Activity →
Please find the line that holds "First criteria are" below and reproduce it, along with every line after it through the end, exactly and without pictures.

======== Task inputs

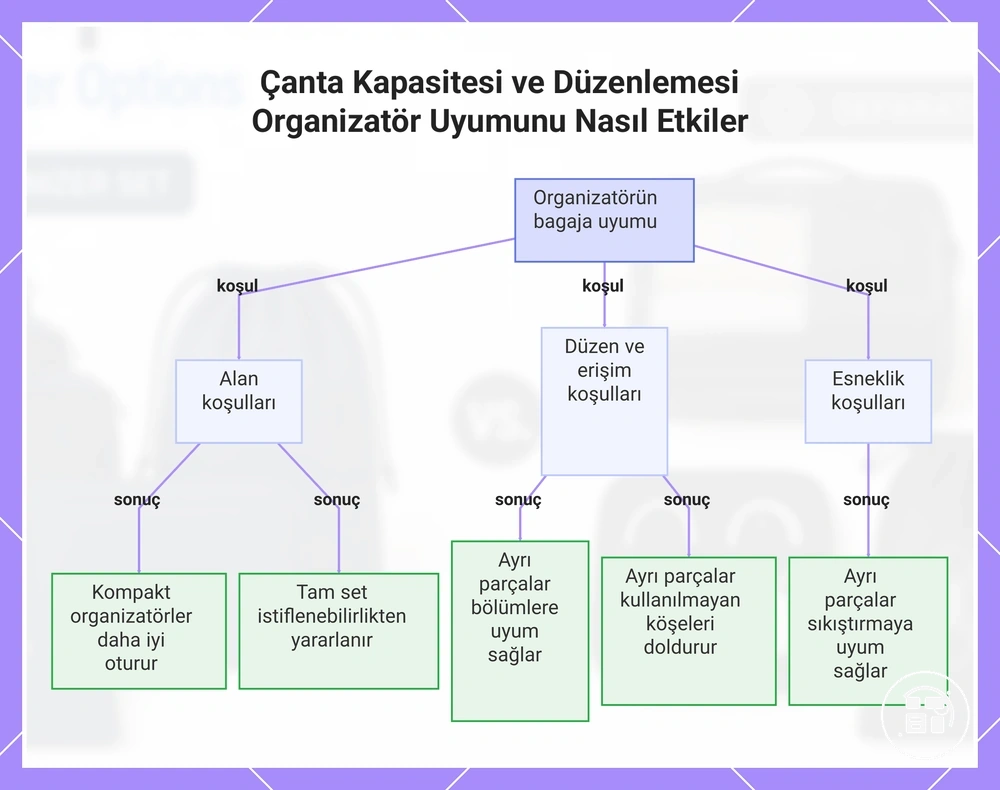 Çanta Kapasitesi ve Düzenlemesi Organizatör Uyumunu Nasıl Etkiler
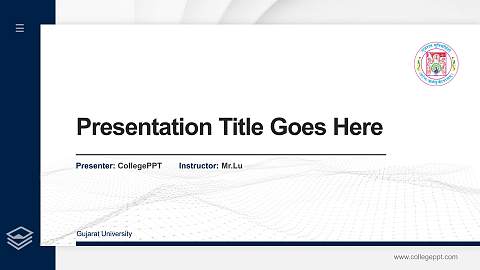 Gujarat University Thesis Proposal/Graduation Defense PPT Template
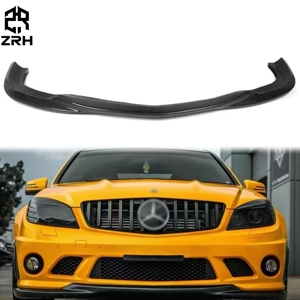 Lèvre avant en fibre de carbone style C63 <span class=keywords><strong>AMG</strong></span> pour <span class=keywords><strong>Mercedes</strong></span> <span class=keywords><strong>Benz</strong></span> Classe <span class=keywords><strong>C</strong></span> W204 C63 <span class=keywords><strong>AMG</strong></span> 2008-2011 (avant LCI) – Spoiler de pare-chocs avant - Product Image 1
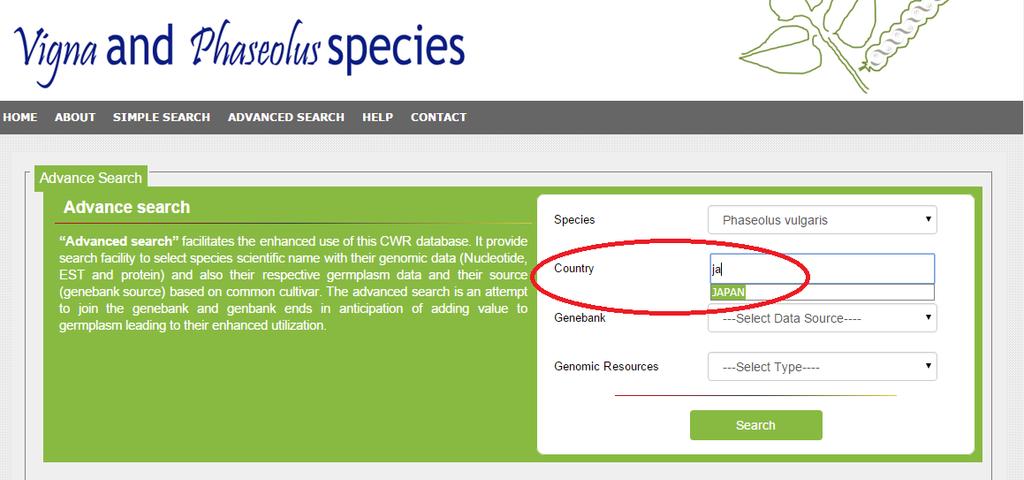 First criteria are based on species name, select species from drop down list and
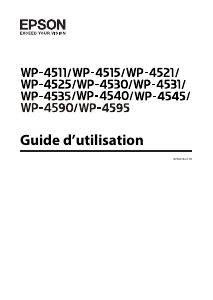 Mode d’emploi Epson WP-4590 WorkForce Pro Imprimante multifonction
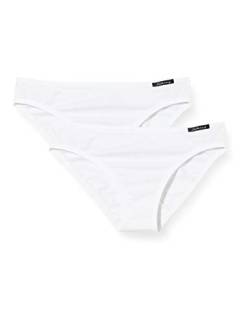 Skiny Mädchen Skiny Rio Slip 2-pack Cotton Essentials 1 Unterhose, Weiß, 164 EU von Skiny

================

Answer to the exercise →
 First criteria are based on species name, select species from drop down list and
 Mode d’emploi Epson WP-4590 WorkForce Pro Imprimante multifonction
 Skiny Mädchen Skiny Rio Slip 2-pack Cotton Essentials 1 Unterhose, Weiß, 164 EU von Skiny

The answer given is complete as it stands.